NAME

bamsormadup - sort name collated SAM or BAM file by coordinate and mark duplicates or sort SAM or BAM file by query name

SYNOPSIS

bamsormadup [options]

DESCRIPTION

bamsormadup has two modes of operation depending on the value of the SO parameter. If SO=coordinate or if the SO key is not given, then bamsormadup reads a name collated BAM or SAM file from standard input, runs a fix mate process, sorts the contained alignments by coordinate, marks duplicate alignments and writes the sorted alignments to standard output in BAM format.
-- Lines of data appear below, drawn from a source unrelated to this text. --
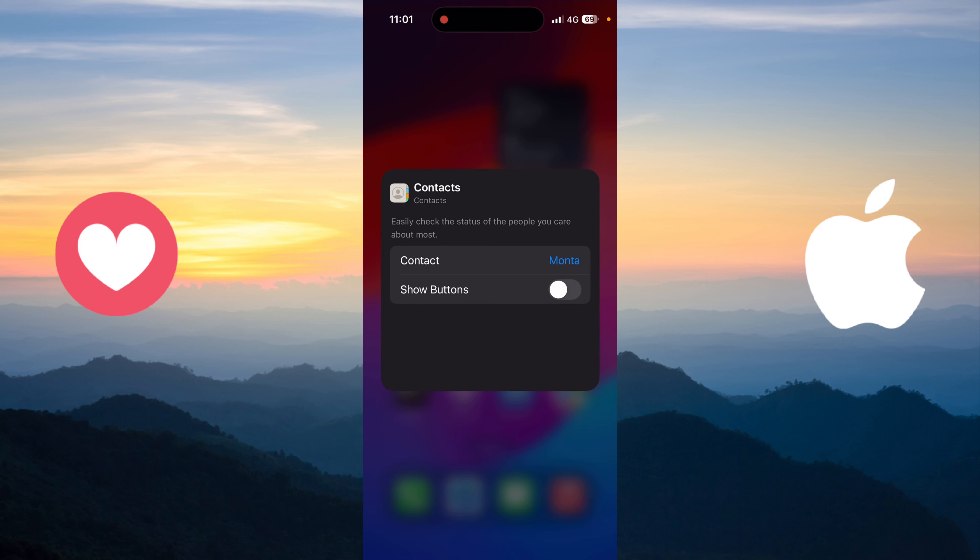To add it, you just need to long press on your home screen. After that, click on the plus button on the top left of the screen, and then scroll down a little bit until you find the word 'Contact'. Click on it, click 'Add Widget', and as you can see we added the widget. Then click Done.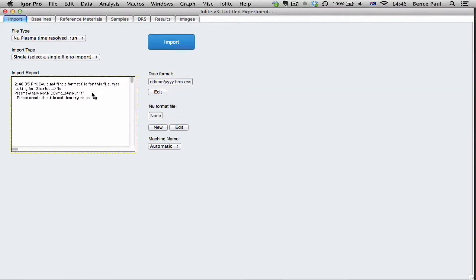So how do we create a new format file? Well to start off with you need to know the column names, the channel names for your .run file before you start.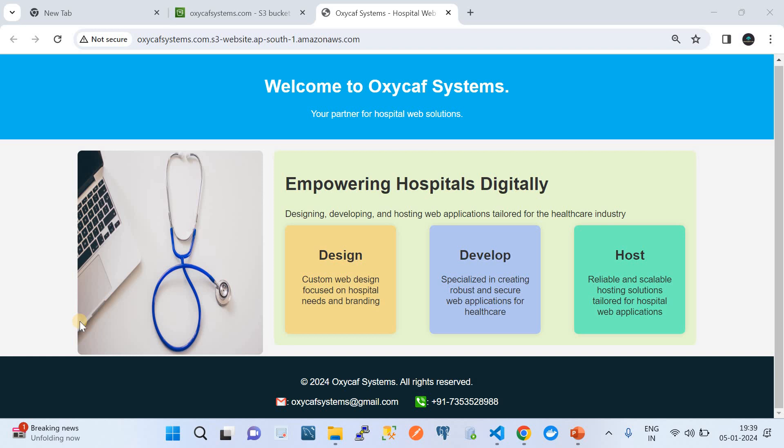Hey, hi! In this video we're going to see how to host a static web page on AWS S3 bucket. As you can see on this screen, this is my example static web page for my business, Oxycam Systems, which provides hospital-related web applications. I have created an example static website — this is how it looks.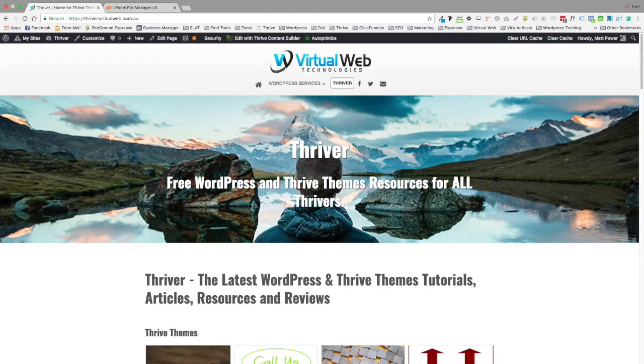Hey Thrivers, Matt here from Virtual Web. Thanks for joining this lesson. We're going to learn how to do a custom 404.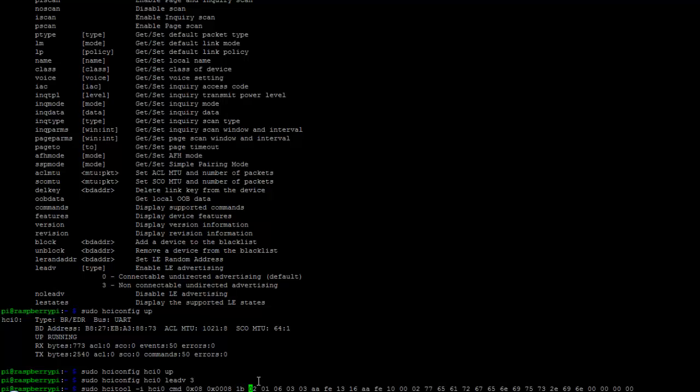So now 02 is the length of the header. The flag data type 01 and 06 is the flag data. Then 03 is the length of AAFE which is the UUID data type and UUID. Then 13-16. It defines again the length of the data following afterwards. And 16 defines the service data type. AAFE again the UUID of the Eddystone.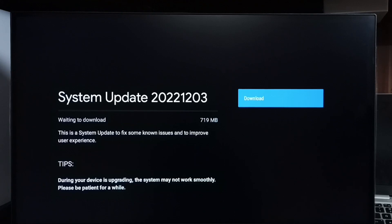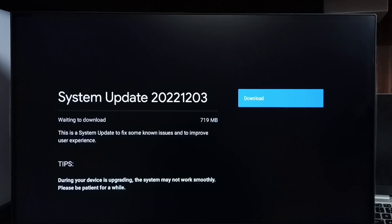and to improve user experience. So first we have to carefully read and check what is in the update. Then if we are okay with that changes, we can select that download button.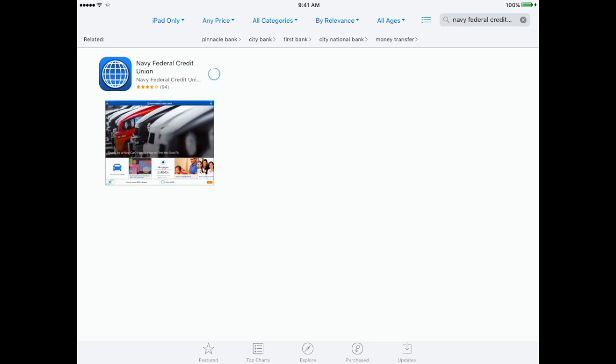Once you do, the app starts downloading. Just give it a few moments to download.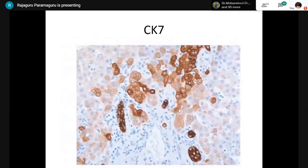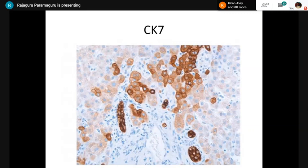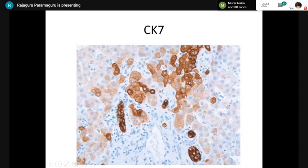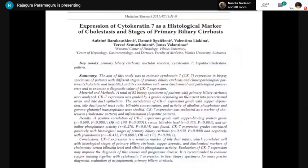CK7 is useful in chronic cholestasis: periportal hepatocytes stain positive for CK7 in secondary biliary cirrhosis due to immunophenotypic alteration in chronic cholestasis. You can see bile duct structures and periportal hepatocytes both staining positive for CK7. Studies have shown that the intensity of CK7 staining increases with advancing stage of primary biliary cholangitis, with the highest staining in the later stages — and in cirrhosis, the whole nodule may stain with CK7.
An alignment file is name collated if all the alignments for one read name appear consecutively in the file. If SO=queryname then the program reads a BAM or SAM file from standard input, sorts it by queryname and writes the sorted file on standard output in BAM format.
The following key=value pairs can be given:
level=<-1|0|1|9|11>: set compression level of the output BAM file. Valid values are
-1:
zlib/gzip default compression level
0:
uncompressed
1:
zlib/gzip level 1 (fast) compression
9:
zlib/gzip level 9 (best) compression
If libmaus has been compiled with support for igzip (see https://software.intel.com/en-us/articles/igzip-a-high-performance-deflate-compressor-with-optimizations-for-genomic-data) then an additional valid value is
11:
igzip compression
inputformat=<bam>: set the input file format. This can be either bam or sam (see http://samtools.sourceforge.net/SAM1.pdf)
threads=<[1]>: number of threads used
M=<stderr>: name of the metrics file for duplicate marking (metrics are written to standard error if not set)
tmpfile=<bamsormadup_hostname_pid_starttime>: prefix for temporary files. By default the temporary files are created in the current directory. Set tmpfile=mem:tmp_ to store temporary files in RAM instead of on disk. Note that this may require very large amounts of RAM depending on the input.
SO=<coordinate|queryname>: set the sort order. Valid values are
coordinate
sort alignments by coordinate. Input is assumed to be name collated.
queryname
sort alignments by query name. No assumption is made on the order of the input.
reference=<>: name of reference FastA file when writing CRAM. This file will be used for filling missing UR and M5 fields of SQ header lines. It may refer to a local file or a file stored on an http or ftp server. The file is uncompressed on the fly if the file name ends on .gz . If the REF_CACHE environment variable is set to the name of an existing directory, then normalised cache files will be written to this directory for each reference sequence. The file names are constructed from the directory name and the MD5 checksum of each reference sequence. This writing of cached files is omitted however, if a previously existing file is found in the list of read only cache locations given by the REF_PATH environment variable.
optminpixeldif=<100>: distance (x and y inside same tile) inside which reads are considered as optical duplicates
rcsupport==<0>: if 1 then create rc aux field (unclipped coordinate) for mapped reads when sorting from query to coordinate order
numerical==<>: store numerical index in the given file. By default numerical index is not stored.
numericalindexmod=1024: use this block size for producing numerical index
fragmergepar=1: number of threads used for merging fragment lists in duplicate marking. The run-time will generally benefit from an increased number here, but parallel merging requires a large number of simultaneously open files, which will cause problems on some systems.
crammode=: CRAM encoding profile. See the documentation for the scramble program for possible options.

AUTHOR

Written by German Tischler.

REPORTING BUGS

Report bugs to <[email protected]> Copyright © 2009-2015 German Tischler, © 2011-2015 Genome Research Limited. License GPLv3+: GNU GPL version 3 <http://gnu.org/licenses/gpl.html>
 
This is free software: you are free to change and redistribute it. There is NO WARRANTY, to the extent permitted by law.